→ **Record set**
%%

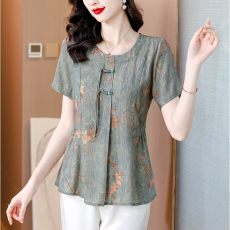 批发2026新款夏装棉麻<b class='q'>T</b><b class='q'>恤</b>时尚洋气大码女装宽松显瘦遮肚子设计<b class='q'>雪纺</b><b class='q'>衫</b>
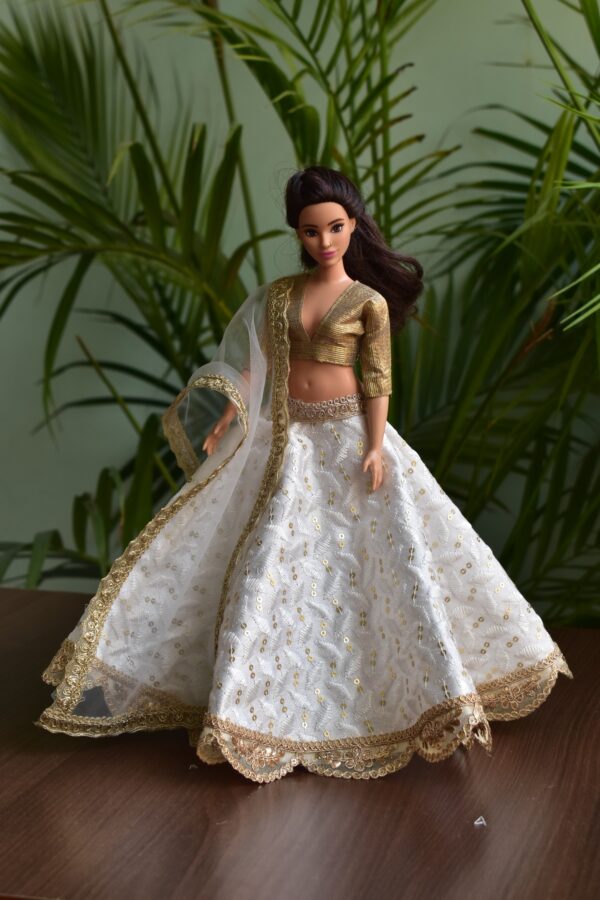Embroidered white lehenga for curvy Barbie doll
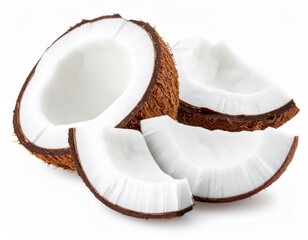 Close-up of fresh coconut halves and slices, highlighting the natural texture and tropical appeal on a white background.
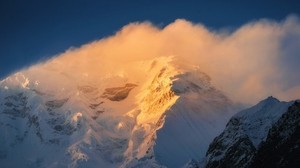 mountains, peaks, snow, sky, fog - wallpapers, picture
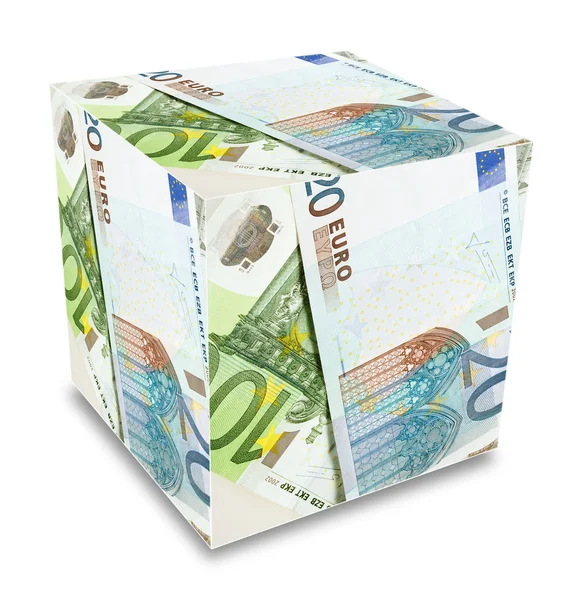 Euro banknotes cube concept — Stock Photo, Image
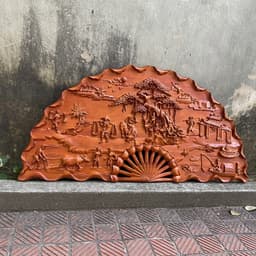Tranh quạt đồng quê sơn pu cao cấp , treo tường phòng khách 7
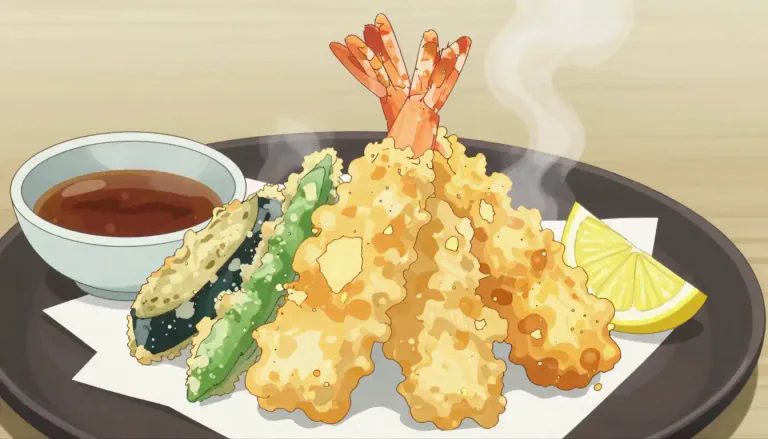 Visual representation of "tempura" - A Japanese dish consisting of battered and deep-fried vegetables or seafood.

%%
%%

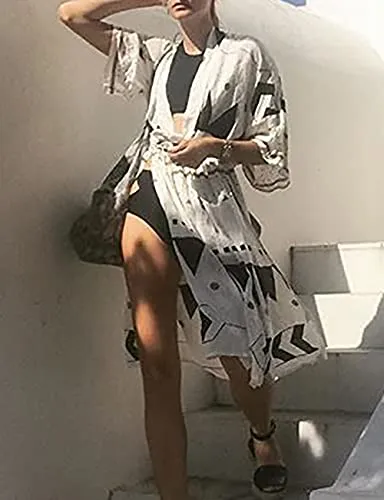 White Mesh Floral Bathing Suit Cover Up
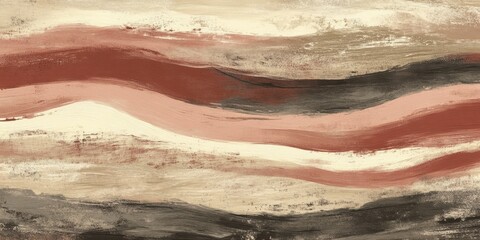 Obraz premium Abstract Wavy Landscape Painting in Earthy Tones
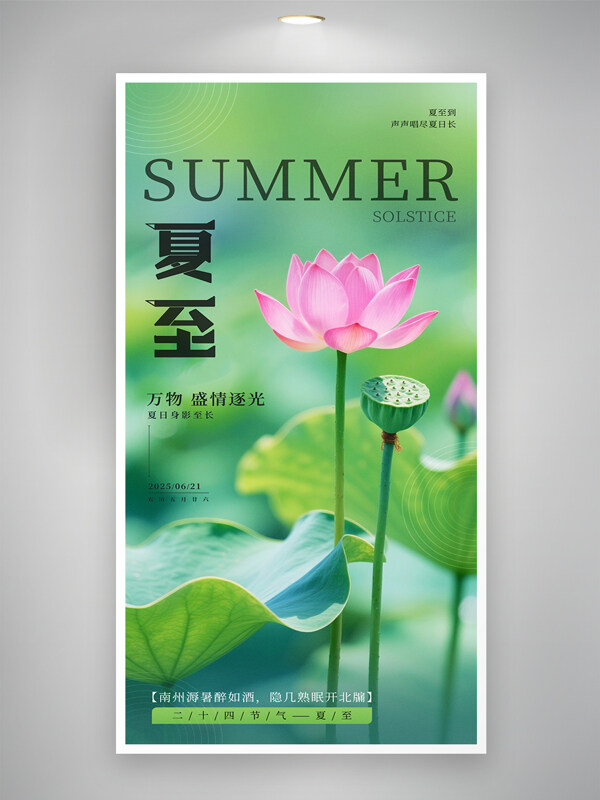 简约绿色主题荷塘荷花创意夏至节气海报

%%
%%

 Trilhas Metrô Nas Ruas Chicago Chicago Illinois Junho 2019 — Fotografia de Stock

%%

Excerpt from the records above: set down only the lines from the one that contains "Embroidered white lehenga" through the one that contains "Euro banknotes cube", inclusive, word for word. Pictures stay out.

→ **Response to the exercise**
Embroidered white lehenga for curvy Barbie doll
 Close-up of fresh coconut halves and slices, highlighting the natural texture and tropical appeal on a white background.
 mountains, peaks, snow, sky, fog - wallpapers, picture
 Euro banknotes cube concept — Stock Photo, Image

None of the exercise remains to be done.